Nudging the nudgers on gamification of governance and cybercrime

How to cite this article?
Longo, Brunella (2014). Nothing like a wrong bankruptcy order to spoil my reputation? Nudging the nudgers on gamification of governance and cybercrime. icm2re [I Changed my Mind Reviewing Everything ISSN 2059-688X (Print)], 3.11 (November).

How to cite this article?
Longo, Brunella (2014). Nothing like a wrong bankruptcy order to spoil my reputation? Nudging the nudgers on gamification of governance and cybercrime. icm2re [I Changed my Mind Reviewing Everything ISSN 2059-688X (Online)], 3.11 (November).
Full-text accessible at http://www.brunellalongo.co.uk/

25 November 2014 - This month I had a number of very exciting and interesting things to do for the promotion and marketing of my own services but my diary has been disrupted by the urgency to correct horrible mistakes made in public records and public processes that impact mine and others' interests, activities and relationships - pretty much more than a stolen twitter account (1).

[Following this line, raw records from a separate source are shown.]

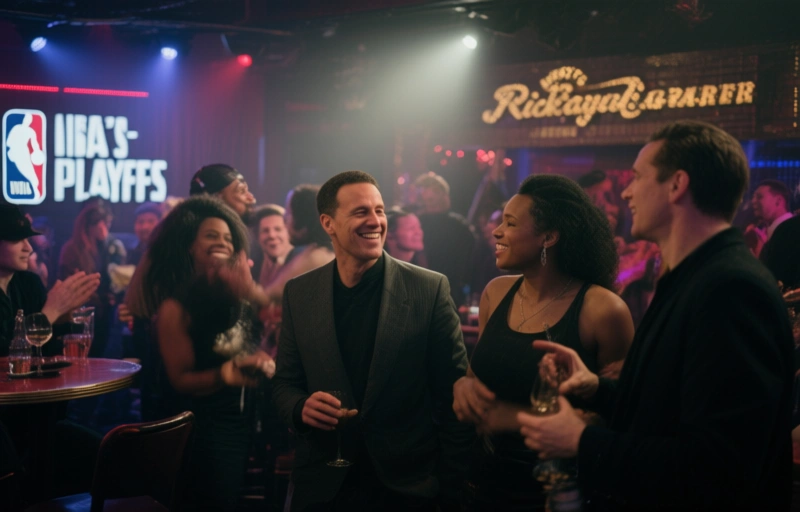 NBA-Playoffs: Rick's Cabaret New York lädt zur Party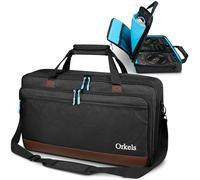 ORKELS DJ Controller Case for DDJ-FLX10, DDJ-GRV6, DDJ-REV5, DDJ-REV7, DDJ-FLX6-GT, DDJ-800, XDJ-RR, DDJ-1000SRT, RX, S8, DDJ SX, SX2, SX3, Inpulse 500 DJ Controller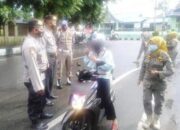 230 Orang Terjaring Operasi Yustisi di wilayah hukum Polres Padangpanjang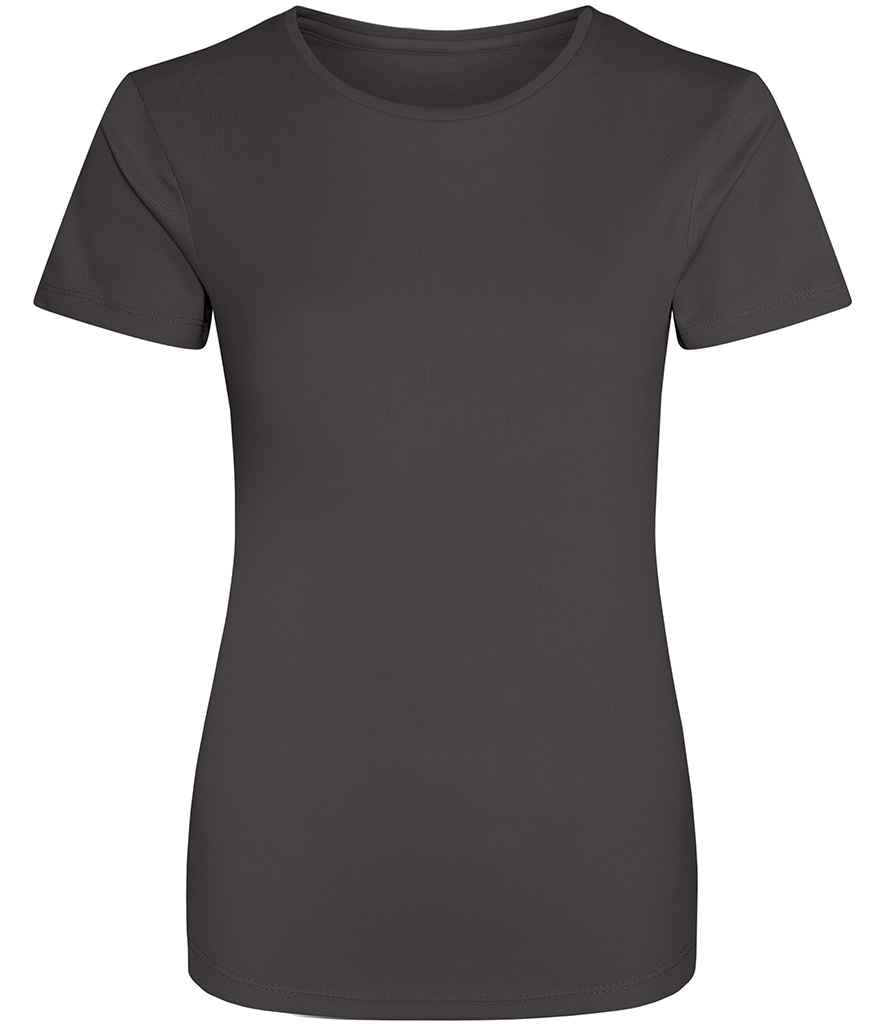 AWDis Ladies Cool T-Shirt Charcoal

Responsibility and accountability in data management practices

I have had to spend hours to make people aware of awful material mistakes made in Land Registry records and other registries, and to start formal requests needed to put such records straight.

The rectification of mistakes in public records under privacy and other laws is important to respect mine and others' rights to have a life, a personal identity, a documented history not to be mistaken and messed up in the public domain and to prevent difficulties also in other jurisdictions (for instance, what is a "slip rule" error that can be taken for automatically rectified in an english court of law, cannot be considered as such in a french or italian court). If not the origin, at least the propagation of such mistakes has been facilitated by the fact that there is no possibility, at the moment, to identify with certainty who has made them.

The rectification of a mistake in public records is not always so simple: in some cases you need a Court order and not all the Courts and Tribunals can make rectification orders to change all public records in all cases. In sum, a bit of a legal and administrative maze in which I had to spend time reading and studying matters that I would rather have delegated to someone else (in this case great help came from Rectification by David Hodge, QC, a reference book published in 2010 quite accessible I recommend to litigants in person and all others affected by serious mistakes made in all sort of contractual agreements, including pension scheme papers).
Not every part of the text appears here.